Without the pictures, set down the records below word for word.

===== Given entries

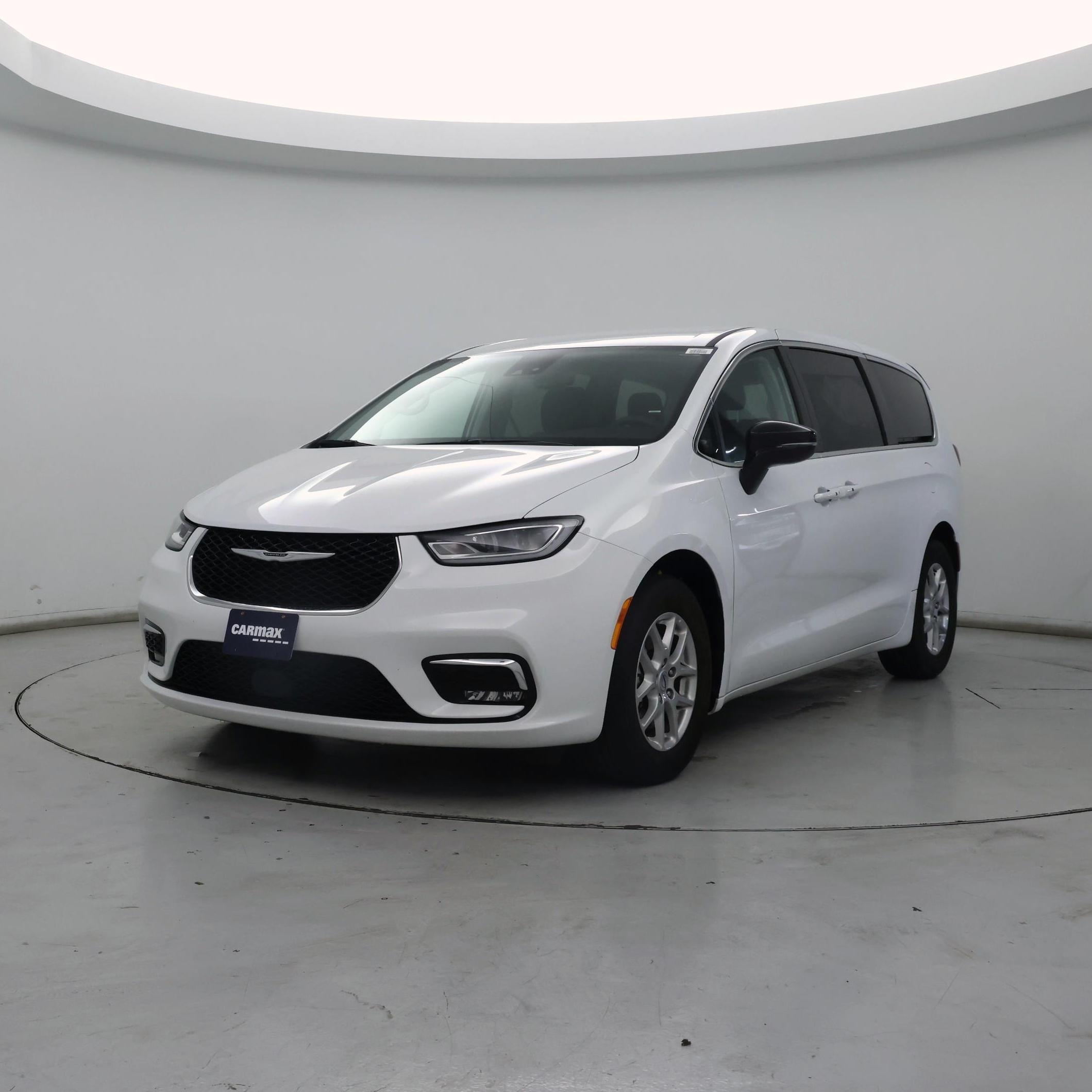 Thumbnail: 2024 Chrysler Pacifica - 4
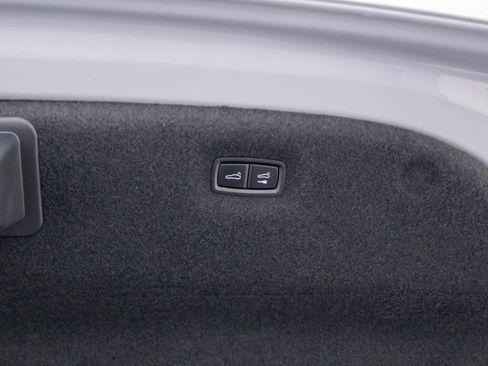 Certified 2025 Porsche Taycan image 31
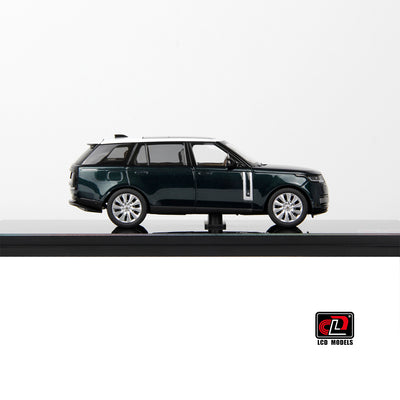 Premium scale diecast model car  – Land Rover Range Rover SV SERENITY, 1:43 Scale (Green with White Roof) Collectible
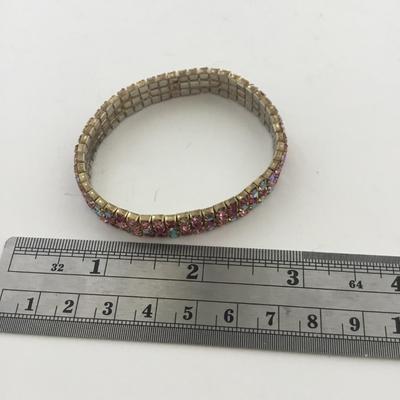 Pink rhinestone stretchy bracelet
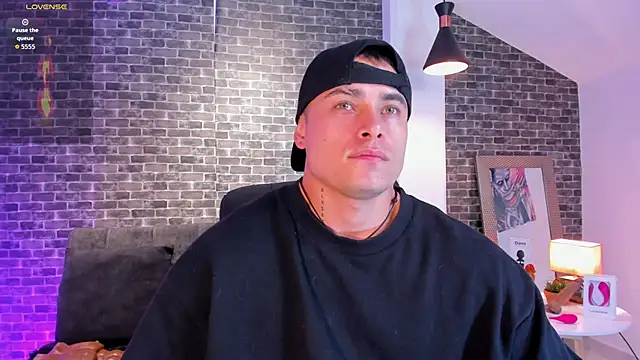 connorsmiith online show from 10/01/25, 11:36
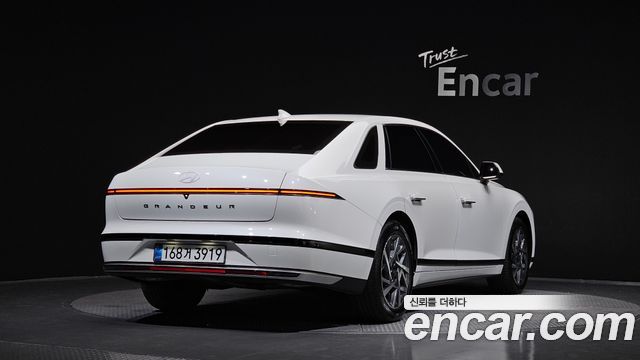 Hyundai Grandeur 2023 — photo 2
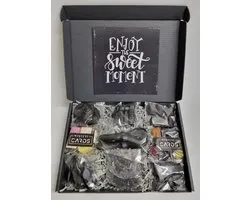 Drop Box - | Box met 9 verschillende populaire dropsoorten en Mystery Card 'Enjoy the Sweet Moment' met geheime boodschap | Verrassingsbox | Snoepbox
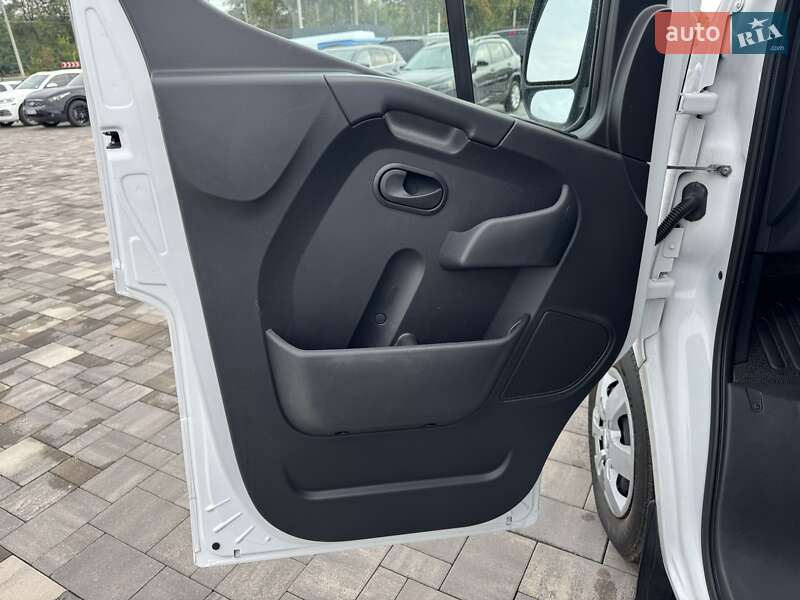 Грузовой фургон Renault Master 2020 в Ровно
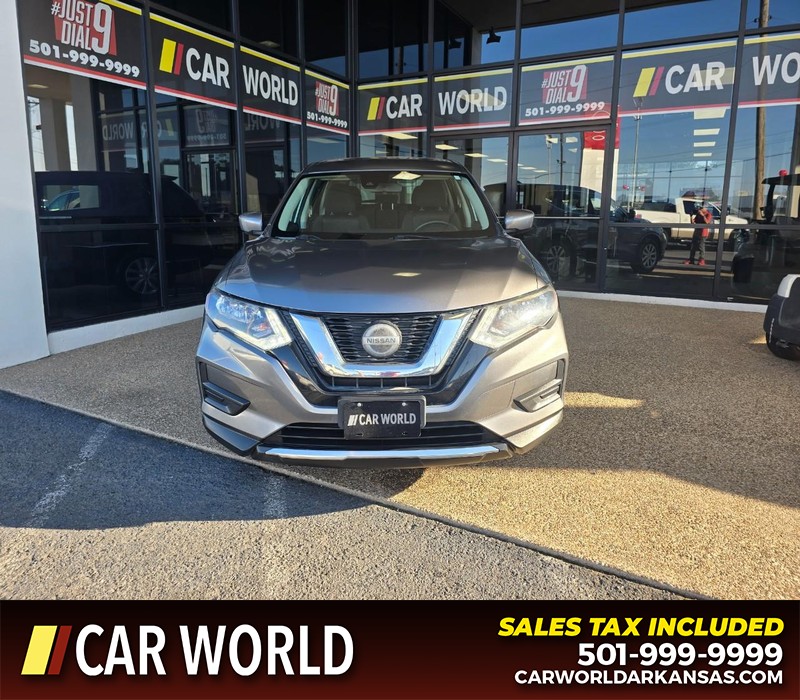 Nissan Rogue Vehicle Full-screen Gallery Image 2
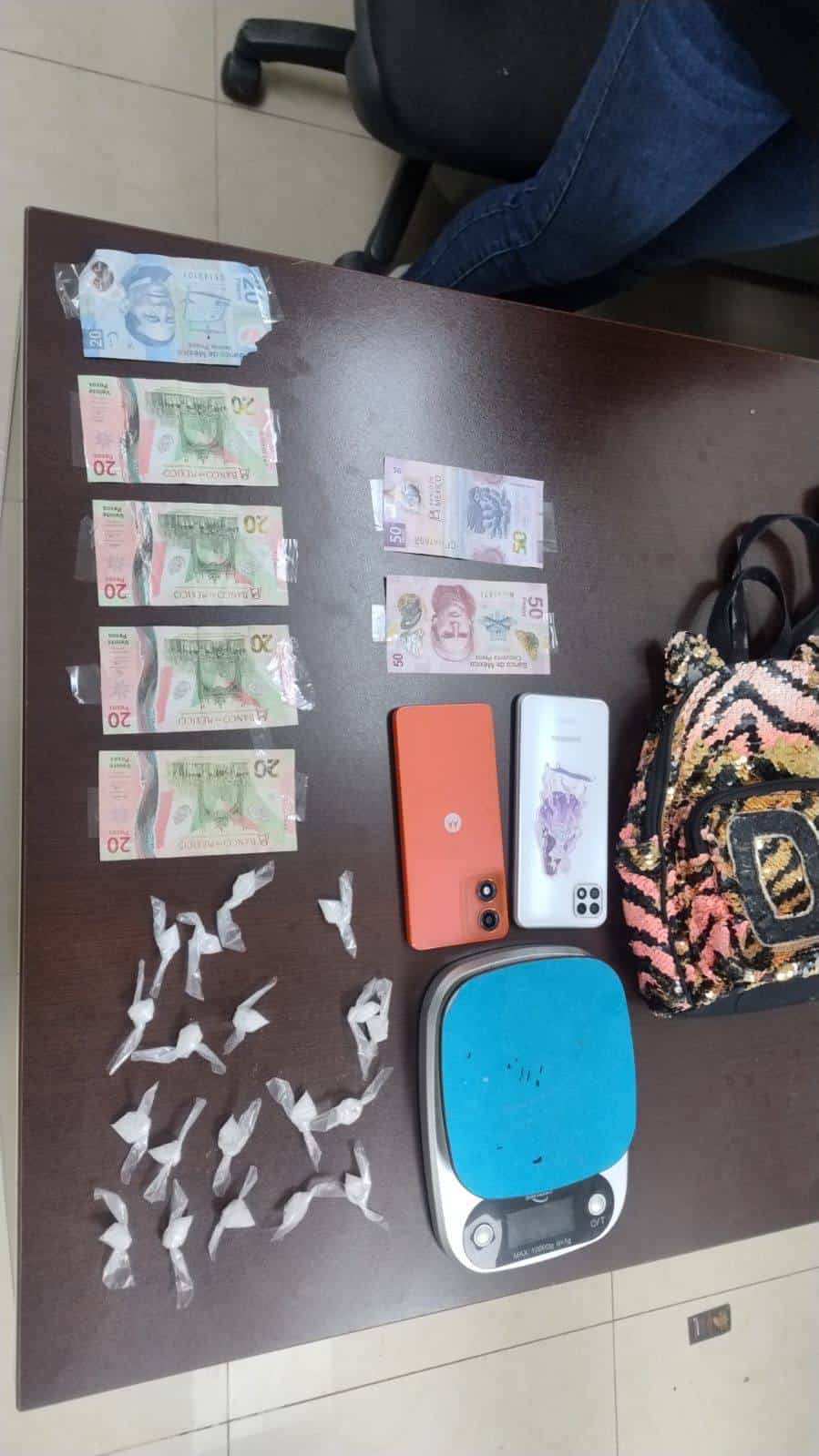 Elementos de la Secretaria de Seguridad Pública y Vialidad de Cadereyta, sorprendieron a una pareja, que portaban diversas dosis de droga entre sus pertenencias.
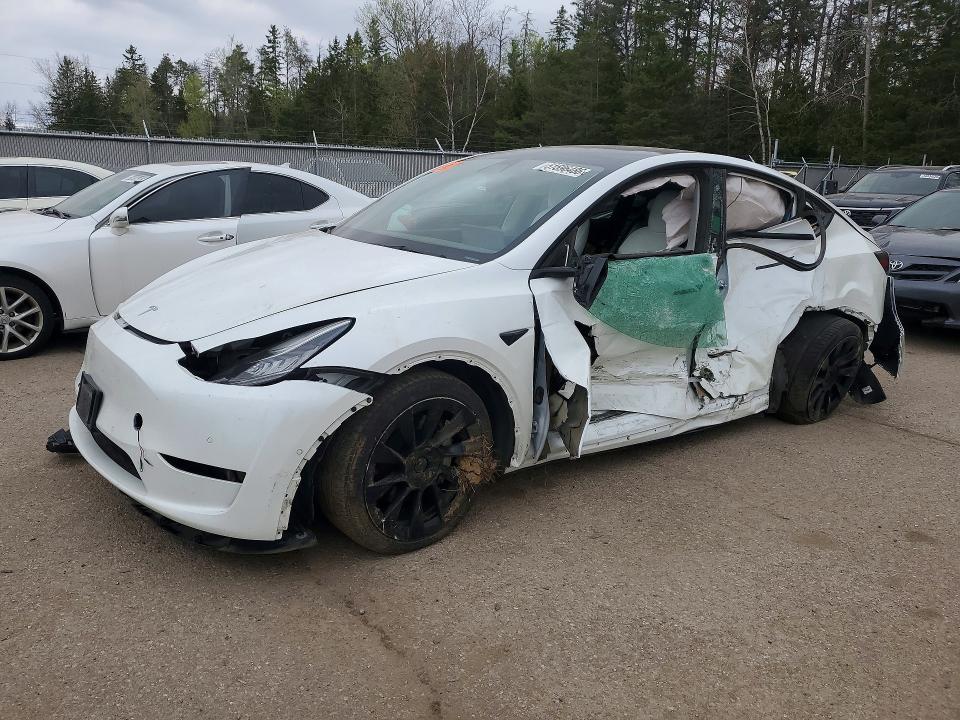 2022 Tesla Model y VIN 7SAYGDEE8NF361840 COPART salvage auction — SIDE, On - Permit Salvage, sold $5,700 on 2026-07-07 (photo 1)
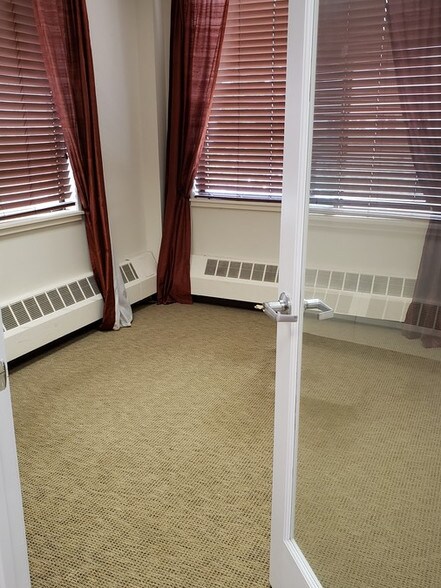 More Photos Of 161 Cherry St, New Canaan Office For Lease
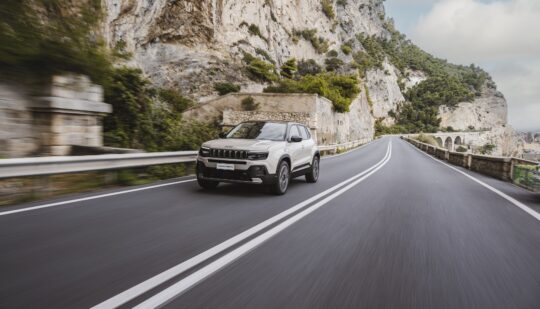 Ще більш економічний: кросовер Jeep Avenger обладнали новою гібридною системою e-Hybrid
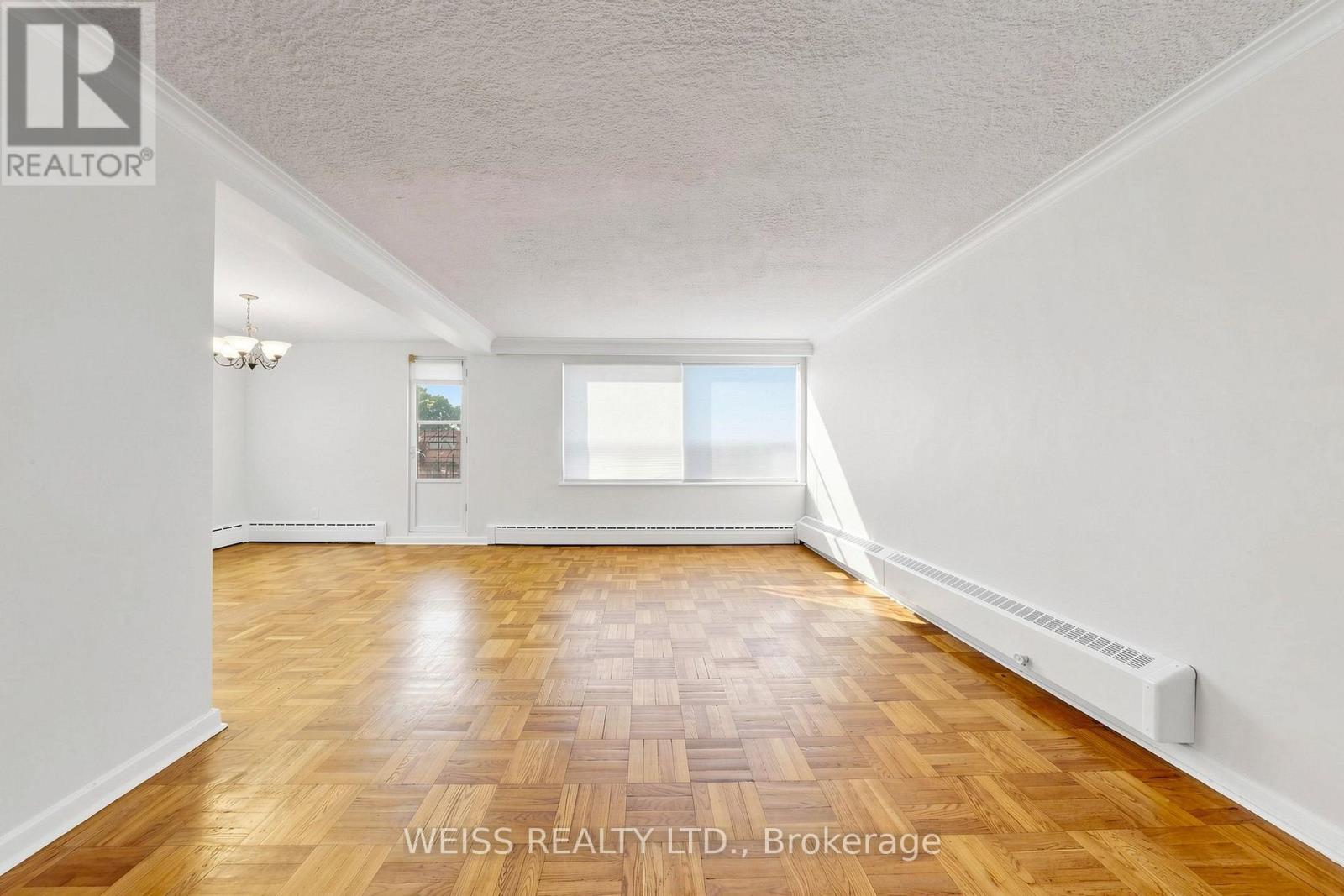 4 - 17 Fraserwood Avenue, Toronto, Ontario  M6B 2N3 - Photo 4 - C13597746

==========

Solution for this exercise:
 Thumbnail: 2024 Chrysler Pacifica - 4
 Certified 2025 Porsche Taycan image 31
 Premium scale diecast model car  – Land Rover Range Rover SV SERENITY, 1:43 Scale (Green with White Roof) Collectible
 Pink rhinestone stretchy bracelet
 connorsmiith online show from 10/01/25, 11:36
 Hyundai Grandeur 2023 — photo 2
 Drop Box - | Box met 9 verschillende populaire dropsoorten en Mystery Card 'Enjoy the Sweet Moment' met geheime boodschap | Verrassingsbox | Snoepbox
 Грузовой фургон Renault Master 2020 в Ровно
 Nissan Rogue Vehicle Full-screen Gallery Image 2
 Elementos de la Secretaria de Seguridad Pública y Vialidad de Cadereyta, sorprendieron a una pareja, que portaban diversas dosis de droga entre sus pertenencias.
 2022 Tesla Model y VIN 7SAYGDEE8NF361840 COPART salvage auction — SIDE, On - Permit Salvage, sold $5,700 on 2026-07-07 (photo 1)
 More Photos Of 161 Cherry St, New Canaan Office For Lease
 Ще більш економічний: кросовер Jeep Avenger обладнали новою гібридною системою e-Hybrid
 4 - 17 Fraserwood Avenue, Toronto, Ontario  M6B 2N3 - Photo 4 - C13597746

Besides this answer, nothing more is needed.